■ Task data:
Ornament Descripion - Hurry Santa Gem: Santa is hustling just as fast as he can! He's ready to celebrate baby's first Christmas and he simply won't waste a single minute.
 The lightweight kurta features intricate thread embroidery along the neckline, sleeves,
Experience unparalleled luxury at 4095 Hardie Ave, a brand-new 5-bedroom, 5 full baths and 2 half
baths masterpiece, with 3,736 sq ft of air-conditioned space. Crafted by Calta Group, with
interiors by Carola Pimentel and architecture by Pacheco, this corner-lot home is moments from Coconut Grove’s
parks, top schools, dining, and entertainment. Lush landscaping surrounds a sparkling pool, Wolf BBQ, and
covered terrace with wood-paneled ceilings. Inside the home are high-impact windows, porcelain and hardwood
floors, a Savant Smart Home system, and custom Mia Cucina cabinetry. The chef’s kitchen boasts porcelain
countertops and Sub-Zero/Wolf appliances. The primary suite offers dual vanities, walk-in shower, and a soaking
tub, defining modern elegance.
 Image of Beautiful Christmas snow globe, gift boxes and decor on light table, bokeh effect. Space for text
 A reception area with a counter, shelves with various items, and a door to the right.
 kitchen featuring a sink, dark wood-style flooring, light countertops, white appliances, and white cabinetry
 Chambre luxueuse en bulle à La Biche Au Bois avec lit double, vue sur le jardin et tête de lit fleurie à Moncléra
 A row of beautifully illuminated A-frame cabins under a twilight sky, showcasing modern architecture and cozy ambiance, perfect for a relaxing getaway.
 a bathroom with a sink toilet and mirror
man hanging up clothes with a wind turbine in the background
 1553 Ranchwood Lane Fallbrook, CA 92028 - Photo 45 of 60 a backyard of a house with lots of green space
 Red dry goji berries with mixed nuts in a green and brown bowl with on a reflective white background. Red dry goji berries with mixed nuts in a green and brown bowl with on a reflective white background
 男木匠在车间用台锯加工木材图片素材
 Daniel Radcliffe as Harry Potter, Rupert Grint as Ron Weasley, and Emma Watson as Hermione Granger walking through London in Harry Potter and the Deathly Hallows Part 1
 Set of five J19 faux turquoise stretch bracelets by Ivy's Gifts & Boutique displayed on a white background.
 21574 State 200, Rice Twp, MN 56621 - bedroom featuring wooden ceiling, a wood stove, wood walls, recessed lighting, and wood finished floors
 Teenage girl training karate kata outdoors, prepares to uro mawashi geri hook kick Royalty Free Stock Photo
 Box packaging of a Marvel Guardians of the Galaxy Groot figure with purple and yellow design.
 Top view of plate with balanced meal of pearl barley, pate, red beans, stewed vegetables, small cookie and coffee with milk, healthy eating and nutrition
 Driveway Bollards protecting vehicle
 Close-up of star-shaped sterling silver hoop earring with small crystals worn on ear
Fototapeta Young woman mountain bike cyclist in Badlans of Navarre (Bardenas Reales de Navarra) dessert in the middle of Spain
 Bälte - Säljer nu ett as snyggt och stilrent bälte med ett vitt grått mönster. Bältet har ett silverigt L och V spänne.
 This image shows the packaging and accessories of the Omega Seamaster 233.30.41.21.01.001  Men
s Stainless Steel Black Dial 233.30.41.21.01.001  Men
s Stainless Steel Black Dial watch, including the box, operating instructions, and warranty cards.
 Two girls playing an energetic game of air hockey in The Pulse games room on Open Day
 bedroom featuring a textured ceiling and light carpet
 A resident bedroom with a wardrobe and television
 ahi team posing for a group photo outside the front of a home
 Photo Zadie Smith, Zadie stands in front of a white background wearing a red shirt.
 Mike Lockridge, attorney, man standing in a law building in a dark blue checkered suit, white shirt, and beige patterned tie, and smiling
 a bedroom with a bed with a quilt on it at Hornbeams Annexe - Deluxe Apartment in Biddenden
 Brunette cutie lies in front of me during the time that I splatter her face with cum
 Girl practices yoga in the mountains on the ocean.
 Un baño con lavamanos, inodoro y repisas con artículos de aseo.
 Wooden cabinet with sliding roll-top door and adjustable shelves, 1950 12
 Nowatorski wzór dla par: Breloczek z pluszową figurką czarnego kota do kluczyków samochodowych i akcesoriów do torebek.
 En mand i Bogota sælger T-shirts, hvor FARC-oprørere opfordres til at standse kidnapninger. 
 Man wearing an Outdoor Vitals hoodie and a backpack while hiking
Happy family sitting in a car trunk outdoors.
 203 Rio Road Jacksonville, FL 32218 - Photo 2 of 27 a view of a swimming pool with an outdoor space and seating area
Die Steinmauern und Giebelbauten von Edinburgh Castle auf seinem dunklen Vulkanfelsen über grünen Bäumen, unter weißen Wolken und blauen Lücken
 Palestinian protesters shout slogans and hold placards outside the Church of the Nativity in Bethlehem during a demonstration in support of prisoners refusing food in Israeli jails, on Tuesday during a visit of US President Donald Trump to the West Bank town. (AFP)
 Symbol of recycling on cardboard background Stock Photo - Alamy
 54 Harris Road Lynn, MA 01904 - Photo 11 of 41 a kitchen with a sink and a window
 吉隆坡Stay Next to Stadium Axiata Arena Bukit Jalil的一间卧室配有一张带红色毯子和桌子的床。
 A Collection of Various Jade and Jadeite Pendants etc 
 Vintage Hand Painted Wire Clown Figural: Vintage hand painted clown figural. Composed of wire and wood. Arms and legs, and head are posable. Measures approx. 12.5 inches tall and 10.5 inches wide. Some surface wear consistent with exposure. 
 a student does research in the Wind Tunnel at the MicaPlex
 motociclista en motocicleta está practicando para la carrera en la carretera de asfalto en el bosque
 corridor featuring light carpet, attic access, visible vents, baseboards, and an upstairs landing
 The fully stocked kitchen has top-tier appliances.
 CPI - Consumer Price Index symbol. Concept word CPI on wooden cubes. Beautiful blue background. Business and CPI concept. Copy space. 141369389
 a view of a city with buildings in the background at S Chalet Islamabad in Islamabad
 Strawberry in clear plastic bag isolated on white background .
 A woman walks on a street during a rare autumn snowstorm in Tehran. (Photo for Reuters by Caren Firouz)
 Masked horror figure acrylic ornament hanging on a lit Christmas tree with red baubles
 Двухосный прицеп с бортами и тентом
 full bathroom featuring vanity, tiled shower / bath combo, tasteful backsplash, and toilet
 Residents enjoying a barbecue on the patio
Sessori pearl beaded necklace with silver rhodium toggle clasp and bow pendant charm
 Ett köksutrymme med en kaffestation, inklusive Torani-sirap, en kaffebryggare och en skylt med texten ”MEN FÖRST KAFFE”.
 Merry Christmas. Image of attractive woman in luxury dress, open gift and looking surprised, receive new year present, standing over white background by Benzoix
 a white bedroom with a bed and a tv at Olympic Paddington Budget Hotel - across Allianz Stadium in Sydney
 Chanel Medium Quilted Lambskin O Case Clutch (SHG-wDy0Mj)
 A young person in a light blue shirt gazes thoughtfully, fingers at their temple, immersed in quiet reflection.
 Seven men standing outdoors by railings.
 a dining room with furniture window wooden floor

■ Exercise: What's wanted is a faithful copy of each entry above.

■ Exercise result:
Ornament Descripion - Hurry Santa Gem: Santa is hustling just as fast as he can! He's ready to celebrate baby's first Christmas and he simply won't waste a single minute.
 The lightweight kurta features intricate thread embroidery along the neckline, sleeves,
Experience unparalleled luxury at 4095 Hardie Ave, a brand-new 5-bedroom, 5 full baths and 2 half
baths masterpiece, with 3,736 sq ft of air-conditioned space. Crafted by Calta Group, with
interiors by Carola Pimentel and architecture by Pacheco, this corner-lot home is moments from Coconut Grove’s
parks, top schools, dining, and entertainment. Lush landscaping surrounds a sparkling pool, Wolf BBQ, and
covered terrace with wood-paneled ceilings. Inside the home are high-impact windows, porcelain and hardwood
floors, a Savant Smart Home system, and custom Mia Cucina cabinetry. The chef’s kitchen boasts porcelain
countertops and Sub-Zero/Wolf appliances. The primary suite offers dual vanities, walk-in shower, and a soaking
tub, defining modern elegance.
 Image of Beautiful Christmas snow globe, gift boxes and decor on light table, bokeh effect. Space for text
 A reception area with a counter, shelves with various items, and a door to the right.
 kitchen featuring a sink, dark wood-style flooring, light countertops, white appliances, and white cabinetry
 Chambre luxueuse en bulle à La Biche Au Bois avec lit double, vue sur le jardin et tête de lit fleurie à Moncléra
 A row of beautifully illuminated A-frame cabins under a twilight sky, showcasing modern architecture and cozy ambiance, perfect for a relaxing getaway.
 a bathroom with a sink toilet and mirror
man hanging up clothes with a wind turbine in the background
 1553 Ranchwood Lane Fallbrook, CA 92028 - Photo 45 of 60 a backyard of a house with lots of green space
 Red dry goji berries with mixed nuts in a green and brown bowl with on a reflective white background. Red dry goji berries with mixed nuts in a green and brown bowl with on a reflective white background
 男木匠在车间用台锯加工木材图片素材
 Daniel Radcliffe as Harry Potter, Rupert Grint as Ron Weasley, and Emma Watson as Hermione Granger walking through London in Harry Potter and the Deathly Hallows Part 1
 Set of five J19 faux turquoise stretch bracelets by Ivy's Gifts & Boutique displayed on a white background.
 21574 State 200, Rice Twp, MN 56621 - bedroom featuring wooden ceiling, a wood stove, wood walls, recessed lighting, and wood finished floors
 Teenage girl training karate kata outdoors, prepares to uro mawashi geri hook kick Royalty Free Stock Photo
 Box packaging of a Marvel Guardians of the Galaxy Groot figure with purple and yellow design.
 Top view of plate with balanced meal of pearl barley, pate, red beans, stewed vegetables, small cookie and coffee with milk, healthy eating and nutrition
 Driveway Bollards protecting vehicle
 Close-up of star-shaped sterling silver hoop earring with small crystals worn on ear
Fototapeta Young woman mountain bike cyclist in Badlans of Navarre (Bardenas Reales de Navarra) dessert in the middle of Spain
 Bälte - Säljer nu ett as snyggt och stilrent bälte med ett vitt grått mönster. Bältet har ett silverigt L och V spänne.
 This image shows the packaging and accessories of the Omega Seamaster 233.30.41.21.01.001  Men
s Stainless Steel Black Dial 233.30.41.21.01.001  Men
s Stainless Steel Black Dial watch, including the box, operating instructions, and warranty cards.
 Two girls playing an energetic game of air hockey in The Pulse games room on Open Day
 bedroom featuring a textured ceiling and light carpet
 A resident bedroom with a wardrobe and television
 ahi team posing for a group photo outside the front of a home
 Photo Zadie Smith, Zadie stands in front of a white background wearing a red shirt.
 Mike Lockridge, attorney, man standing in a law building in a dark blue checkered suit, white shirt, and beige patterned tie, and smiling
 a bedroom with a bed with a quilt on it at Hornbeams Annexe - Deluxe Apartment in Biddenden
 Brunette cutie lies in front of me during the time that I splatter her face with cum
 Girl practices yoga in the mountains on the ocean.
 Un baño con lavamanos, inodoro y repisas con artículos de aseo.
 Wooden cabinet with sliding roll-top door and adjustable shelves, 1950 12
 Nowatorski wzór dla par: Breloczek z pluszową figurką czarnego kota do kluczyków samochodowych i akcesoriów do torebek.
 En mand i Bogota sælger T-shirts, hvor FARC-oprørere opfordres til at standse kidnapninger. 
 Man wearing an Outdoor Vitals hoodie and a backpack while hiking
Happy family sitting in a car trunk outdoors.
 203 Rio Road Jacksonville, FL 32218 - Photo 2 of 27 a view of a swimming pool with an outdoor space and seating area
Die Steinmauern und Giebelbauten von Edinburgh Castle auf seinem dunklen Vulkanfelsen über grünen Bäumen, unter weißen Wolken und blauen Lücken
 Palestinian protesters shout slogans and hold placards outside the Church of the Nativity in Bethlehem during a demonstration in support of prisoners refusing food in Israeli jails, on Tuesday during a visit of US President Donald Trump to the West Bank town. (AFP)
 Symbol of recycling on cardboard background Stock Photo - Alamy
 54 Harris Road Lynn, MA 01904 - Photo 11 of 41 a kitchen with a sink and a window
 吉隆坡Stay Next to Stadium Axiata Arena Bukit Jalil的一间卧室配有一张带红色毯子和桌子的床。
 A Collection of Various Jade and Jadeite Pendants etc 
 Vintage Hand Painted Wire Clown Figural: Vintage hand painted clown figural. Composed of wire and wood. Arms and legs, and head are posable. Measures approx. 12.5 inches tall and 10.5 inches wide. Some surface wear consistent with exposure. 
 a student does research in the Wind Tunnel at the MicaPlex
 motociclista en motocicleta está practicando para la carrera en la carretera de asfalto en el bosque
 corridor featuring light carpet, attic access, visible vents, baseboards, and an upstairs landing
 The fully stocked kitchen has top-tier appliances.
 CPI - Consumer Price Index symbol. Concept word CPI on wooden cubes. Beautiful blue background. Business and CPI concept. Copy space. 141369389
 a view of a city with buildings in the background at S Chalet Islamabad in Islamabad
 Strawberry in clear plastic bag isolated on white background .
 A woman walks on a street during a rare autumn snowstorm in Tehran. (Photo for Reuters by Caren Firouz)
 Masked horror figure acrylic ornament hanging on a lit Christmas tree with red baubles
 Двухосный прицеп с бортами и тентом
 full bathroom featuring vanity, tiled shower / bath combo, tasteful backsplash, and toilet
 Residents enjoying a barbecue on the patio
Sessori pearl beaded necklace with silver rhodium toggle clasp and bow pendant charm
 Ett köksutrymme med en kaffestation, inklusive Torani-sirap, en kaffebryggare och en skylt med texten ”MEN FÖRST KAFFE”.
 Merry Christmas. Image of attractive woman in luxury dress, open gift and looking surprised, receive new year present, standing over white background by Benzoix
 a white bedroom with a bed and a tv at Olympic Paddington Budget Hotel - across Allianz Stadium in Sydney
 Chanel Medium Quilted Lambskin O Case Clutch (SHG-wDy0Mj)
 A young person in a light blue shirt gazes thoughtfully, fingers at their temple, immersed in quiet reflection.
 Seven men standing outdoors by railings.
 a dining room with furniture window wooden floor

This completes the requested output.